AIM OF THE TASK:
Every line from the one containing "So if you would" to the end of the data below should be copied exactly, but pictures should not.

SUPPLIED INFORMATION:

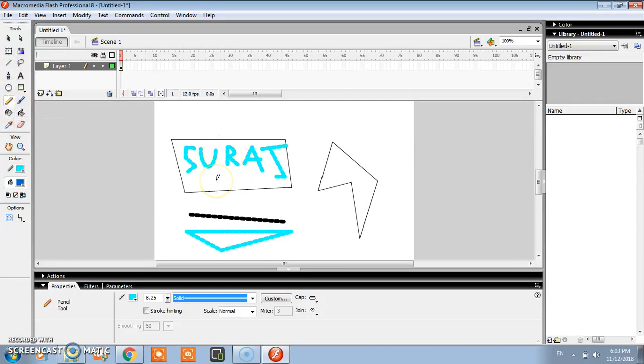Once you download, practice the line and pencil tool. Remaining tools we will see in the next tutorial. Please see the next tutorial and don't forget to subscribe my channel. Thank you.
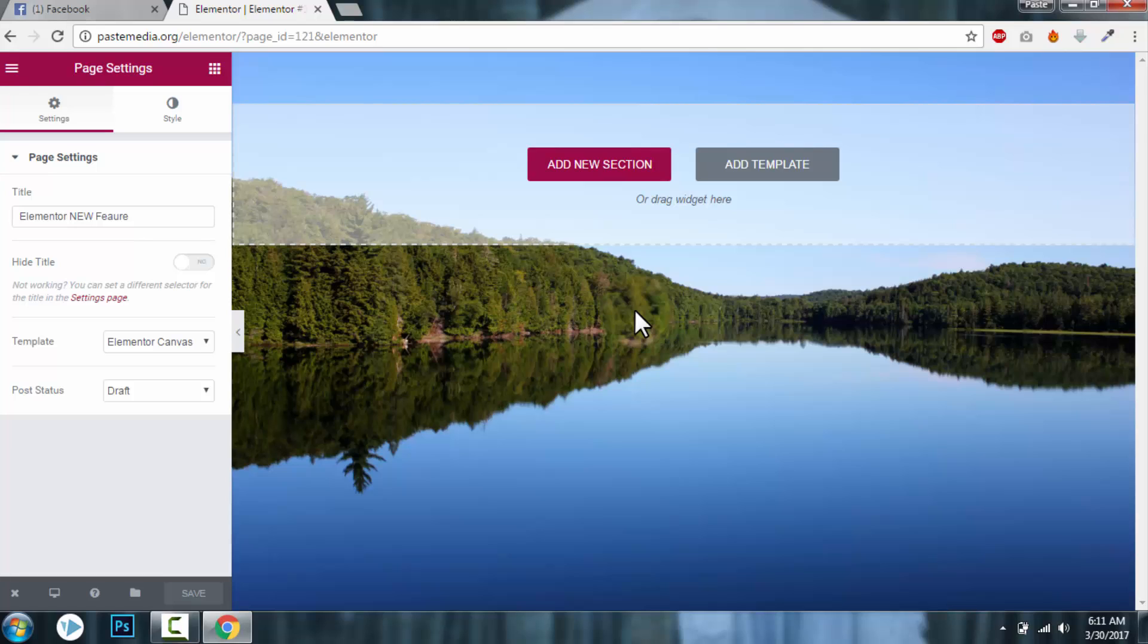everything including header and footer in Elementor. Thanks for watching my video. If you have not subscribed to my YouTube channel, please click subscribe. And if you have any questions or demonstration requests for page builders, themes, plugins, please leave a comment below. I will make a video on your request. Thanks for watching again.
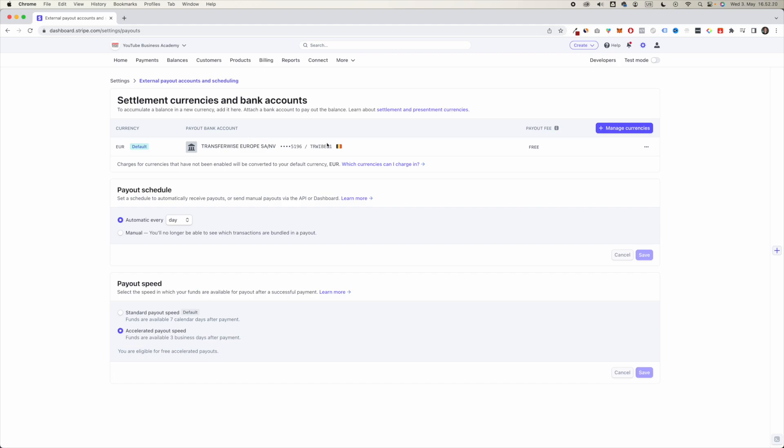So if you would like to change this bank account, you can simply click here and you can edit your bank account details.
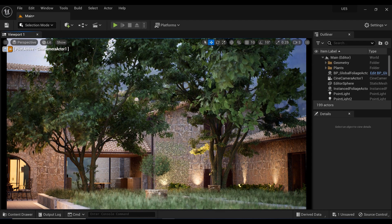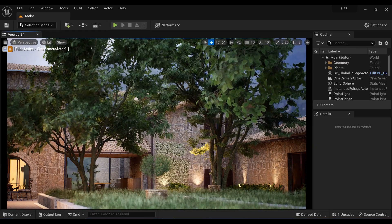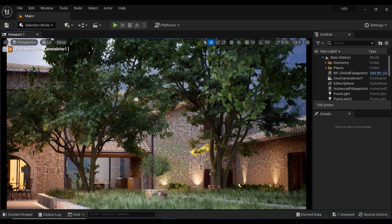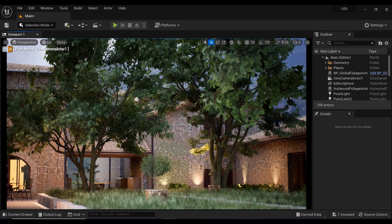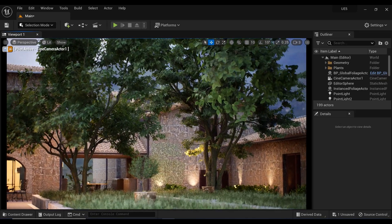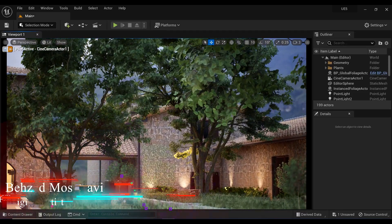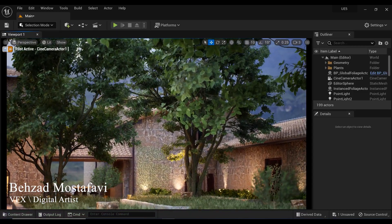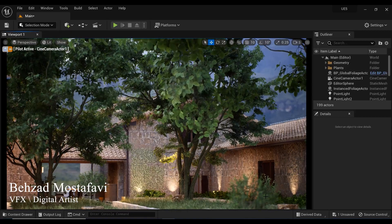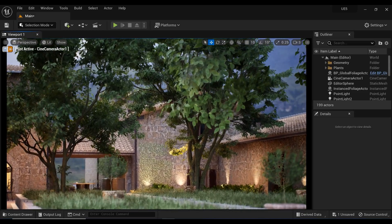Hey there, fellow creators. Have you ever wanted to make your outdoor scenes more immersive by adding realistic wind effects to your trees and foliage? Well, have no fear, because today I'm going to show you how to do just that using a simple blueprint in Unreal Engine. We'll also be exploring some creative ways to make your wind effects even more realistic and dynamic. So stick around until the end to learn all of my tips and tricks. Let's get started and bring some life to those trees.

ANSWER BOX:
So if you would like to change this bank account, you can simply click here and you can edit your bank account details.
Hey there, fellow creators. Have you ever wanted to make your outdoor scenes more immersive by adding realistic wind effects to your trees and foliage? Well, have no fear, because today I'm going to show you how to do just that using a simple blueprint in Unreal Engine. We'll also be exploring some creative ways to make your wind effects even more realistic and dynamic. So stick around until the end to learn all of my tips and tricks. Let's get started and bring some life to those trees.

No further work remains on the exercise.